Despite being a research institution, UCLA has stopped requiring masking and has significantly reduced communication on infectious disease, contributing to the decreased awareness around the prevalence of COVID. All of this is something fourth-year Psychobiology student Gwendolyn Hill (she/her) — also an OutWrite copy editor and writer — is working to change as a coordinator for the UCLA Disabled Student Union (DSU).
Before fall quarter 2023, Hill wrote “A Resolution to Ensure UCLA’s Health, Safety, and Wellness in Response to COVID-19,” explaining that the UCLA community needs administration to consistently promote COVID safety. The resolution called for UCLA to provide and maintain extensive, diverse, free, and accessible personal protection equipment, adequate air filtration, free PCR testing, sick pay for student workers, academic access, and more.

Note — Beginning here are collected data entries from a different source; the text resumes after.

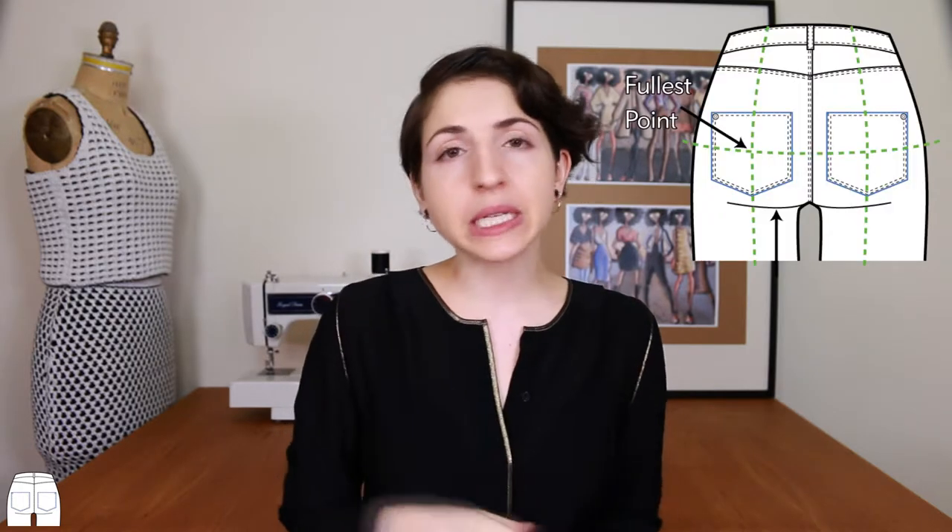Some general rules for ideal placement: number one, the pockets should be centered on the fullest part of the butt, and number two, the pockets should end at about your butt crease.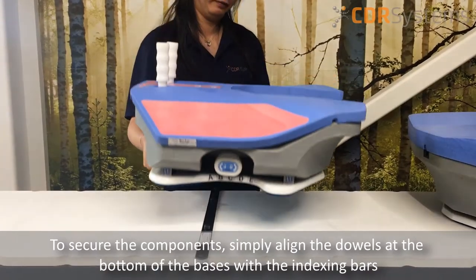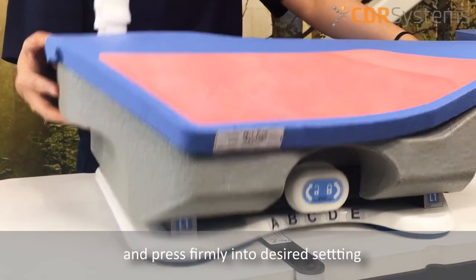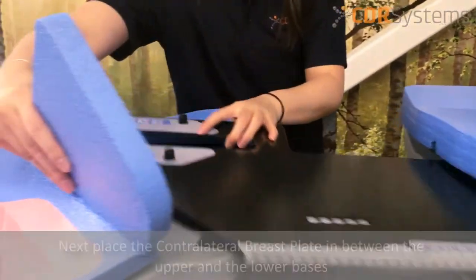To secure the components, simply align the dowels at the bottom of the upper and the lower bases with the indexing bars and press firmly into the desired setting. Next, place the contralateral breastplate in between the upper and the lower base.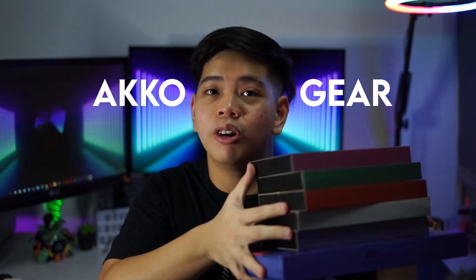Hi guys, my name is Sam — if you're new here, hi, I do tech stuff, welcome back to my channel. Echo sent me a whole lot of stuff to check out in this video. They're finally launching in Malaysia, so let's check it out. Echo Gear Malaysia actually sent over a bunch of stuff.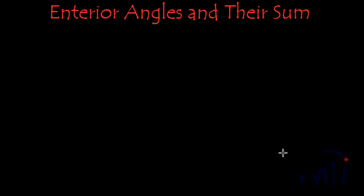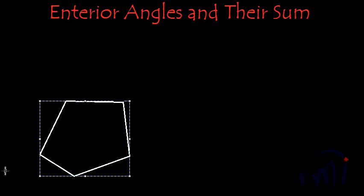Today we are going to find the sum of exterior angles of a polygon using the visual method. For that I'm going to draw a polygon. These are two points, let this be the third point, the fourth point, and the fifth and final point. So we have a pentagon.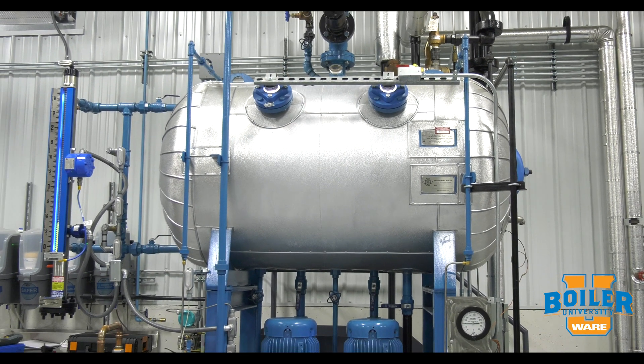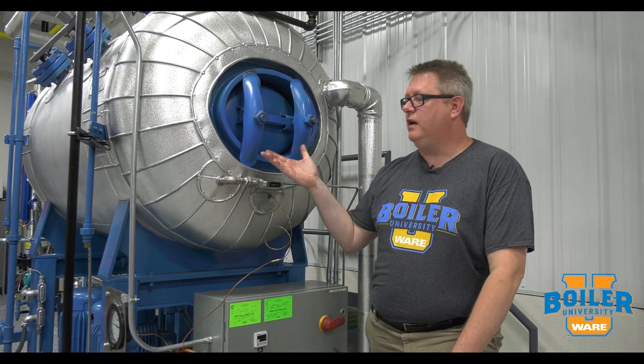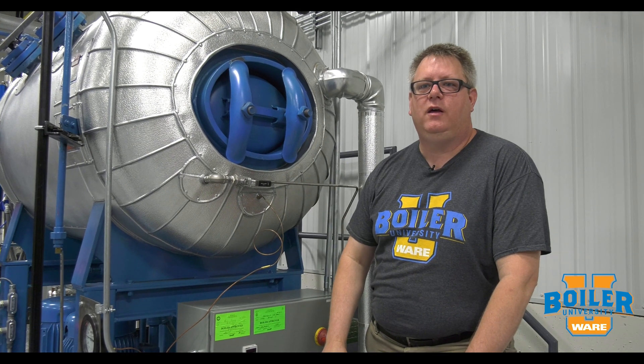Even though the recommended interval for opening a deaerator is every three to five years, if you've got your boilers down anyway, I recommend popping the Manway out. It costs you one gasket to take a look in there and make sure everything's in good shape.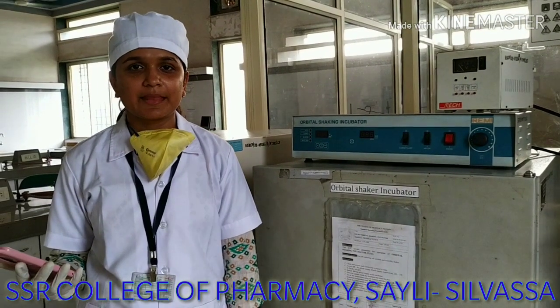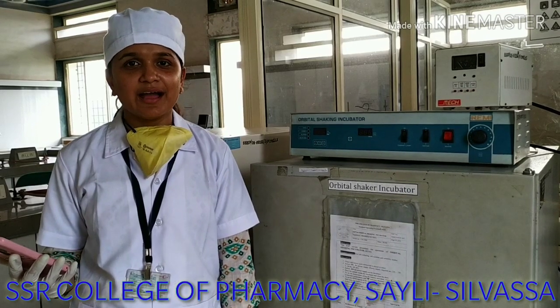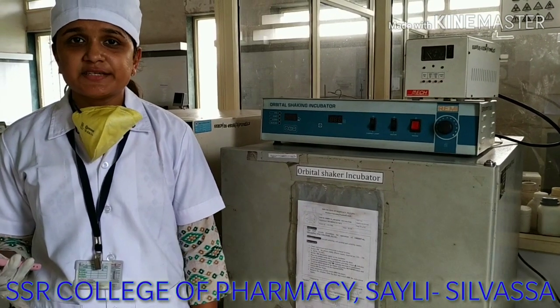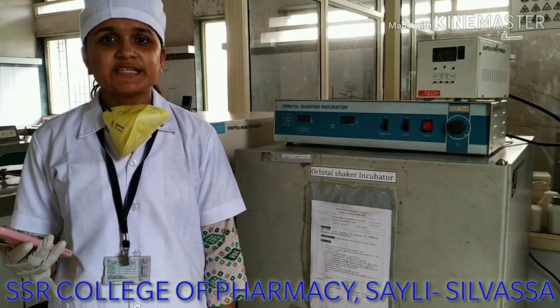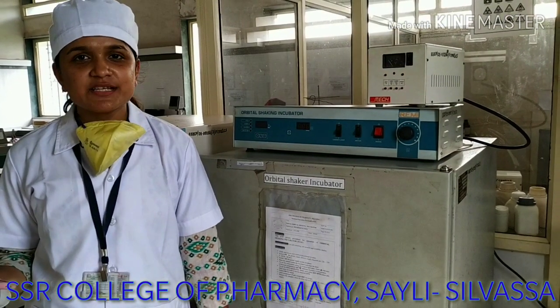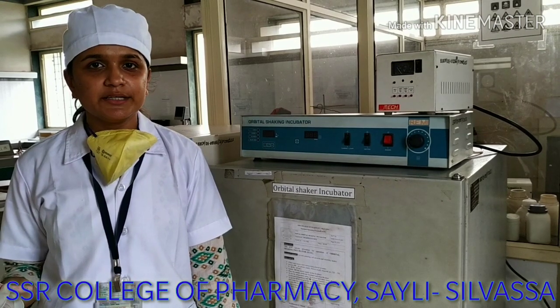depth is 78 cm, and height is 125 cm. The capacity of the sample holder is to hold 16 flasks with 500 ml capacity. The power supply needed for this instrument is 220 to 230 volts.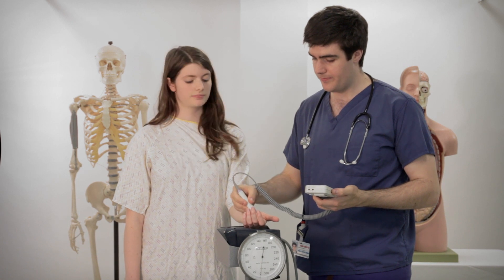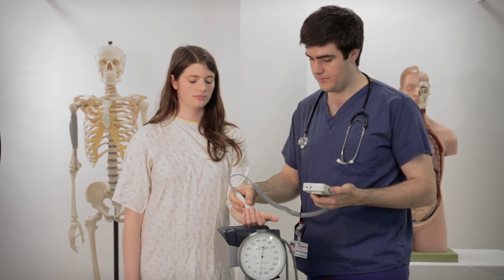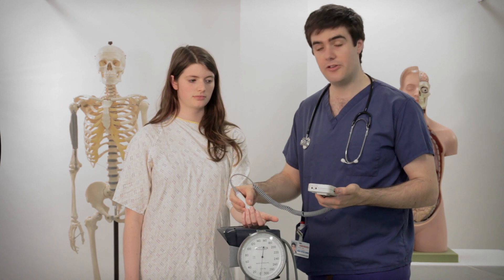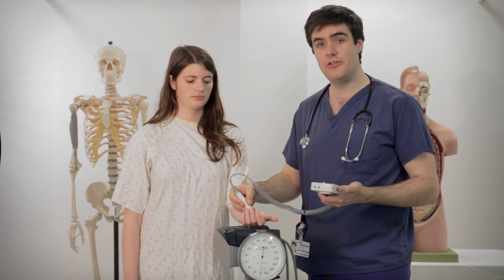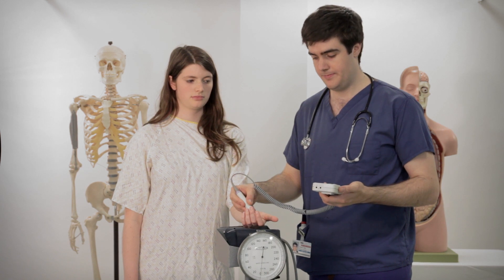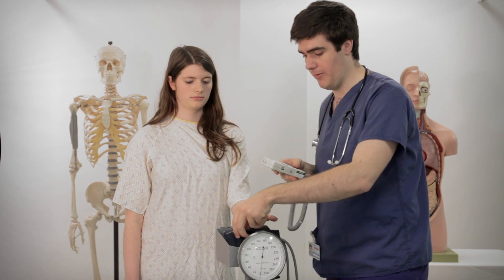So I turn it on. You should be able to hear the pulse of blood as it goes through the artery in Sophie's wrist. So that's normal and what it should sound like — that's a regular pulse.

Following the unanimous passage of the resolution by the Undergraduate Student Association Council (USAC), Hill formed a group including Arthur Ashe Student Health and Wellness Center’s Executive Director Chaitali Mukherjee M.D., M.P.H. (she/her), Director of Clinical Operations Amrit Nagra, M.P.H. (she/her), and Outreach and Programs Manager Geno Mehalik, M.P.A. (he/they), the USAC Student Wellness Commissioner Jennis Kang (she/her), and Ashe’s Health Education and Resource Team (HEART) members and Program Manager Finn Kovi (they/them) in order to implement her Health Promotional Initiative. The Initiative provides free, high quality, accessible respirators such as N95, KN95, and KF94s at over 25 locations at UCLA in addition to stocking surgical masks in five specific dispensers, updates UCLA’s website to reflect protocol changes, and creates updated signage about COVID around campus.
There are four new updated signs, created by the Administration Marketing and Communications Team with Hill’s input and pictured below, that focus on four different key aspects of COVID-19 and public health: layered mitigations, airborne transmission, higher risk situations, the importance of wearing a mask to protect the community, and Long COVID. The signs can be found on every building at UCLA and accessed online on the UCLA COVID-19 website. The Ashe Center has also posted an explanation for each sign for students to refer to on their website.

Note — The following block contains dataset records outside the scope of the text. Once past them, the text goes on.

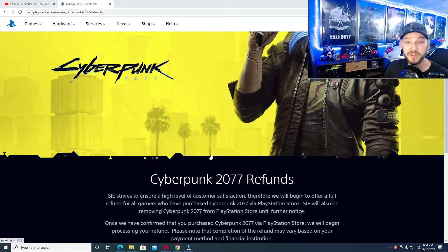Welcome back to the channel, YouTube Splittin' Wigs here with another Cyberpunk 2077 video about the PlayStation. Unfortunately this time I'm bringing you some news that it is going so bad that they are actually pulling the game from the PlayStation Store and issuing refunds for anybody that wants one.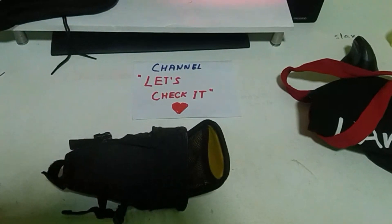Let's check it on the bike — here it is on the shopper bike.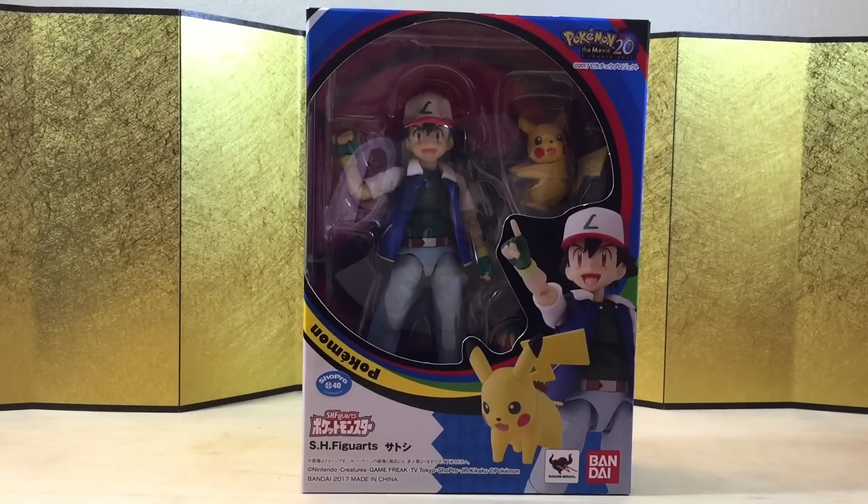Hey guys, this is Eric from ED Figure Out Unboxing and in this video we're going to take a look at the SH Figuarts Ash from Pokemon. I have been waiting for a good Ash figure ever since I was in elementary school — this would have been so cool back then. Hopefully the line can do well so we can see more Pokemon SH Figuarts, or maybe Misty and Brock — who knows.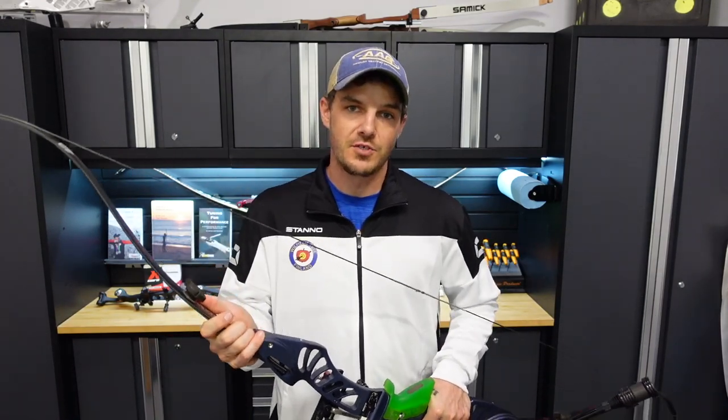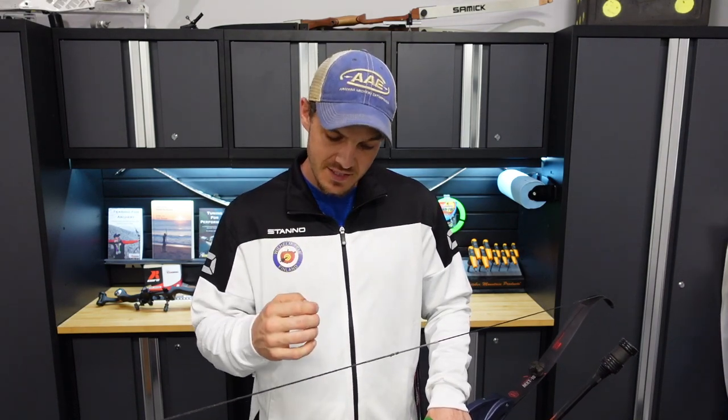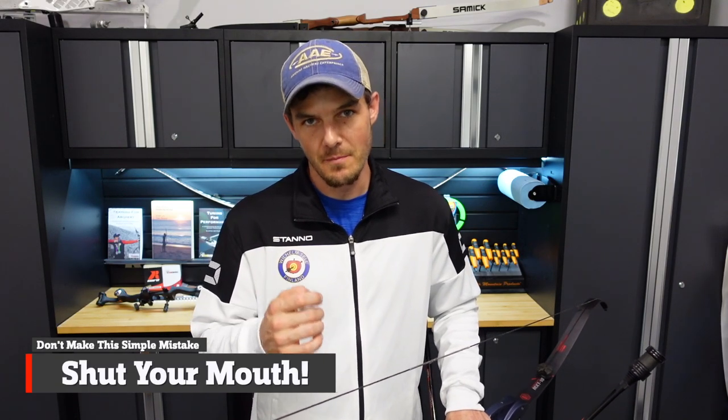In this video, I'm going to give single-string archery shooters a detail that they should not miss. This isn't just for new people — this is also for seasoned shooters as well, because I've seen it many times with people who are not just new, but very experienced shooters who do this one thing that is very simple. That simple thing is to just shut your mouth while you're shooting archery.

“The project acknowledges the diverse needs of student bodies, including people with disabilities,” said Shannon Stubblefield (they/she), HEART program coordinator and Health Promotional Initiative team member. “[The project] underscores the significance of disability justice and principles of harm reduction.” Disability justice, they quote, means the empowerment of disabled people as well as the prioritization and centering of disabled people’s needs.

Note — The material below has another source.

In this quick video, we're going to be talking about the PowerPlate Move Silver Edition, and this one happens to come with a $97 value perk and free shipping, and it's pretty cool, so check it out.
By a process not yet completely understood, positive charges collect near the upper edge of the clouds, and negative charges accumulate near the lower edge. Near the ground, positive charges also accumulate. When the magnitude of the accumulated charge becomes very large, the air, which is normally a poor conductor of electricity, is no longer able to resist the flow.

Stubblefield, also a second-year Public Health graduate student, has noticed that they are the only person still masked in their cohort full of future public health leaders. “How can this be if we’re apparently believing in evidence-based solutions — if we apparently care for vulnerable communities?” Stubblefield asked. “To me, it felt like the school has a lot of care in theory but not in the classes, and that was pretty evident in the droppings of the COVID-19 mitigation.”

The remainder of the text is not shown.